Given records START

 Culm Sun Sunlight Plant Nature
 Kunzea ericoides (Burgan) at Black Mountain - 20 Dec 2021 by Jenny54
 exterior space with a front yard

Given records END
Given records START

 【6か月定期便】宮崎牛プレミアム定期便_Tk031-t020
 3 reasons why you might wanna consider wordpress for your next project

Given records END

▶ **Problem details**
All lines above from the one containing "Culm Sun Sunlight Plant Nature" to the one containing "exterior space with a front yard" must be repeated exactly, both lines included, and no others.

▶ **Result for this task**
 Culm Sun Sunlight Plant Nature
 Kunzea ericoides (Burgan) at Black Mountain - 20 Dec 2021 by Jenny54
 exterior space with a front yard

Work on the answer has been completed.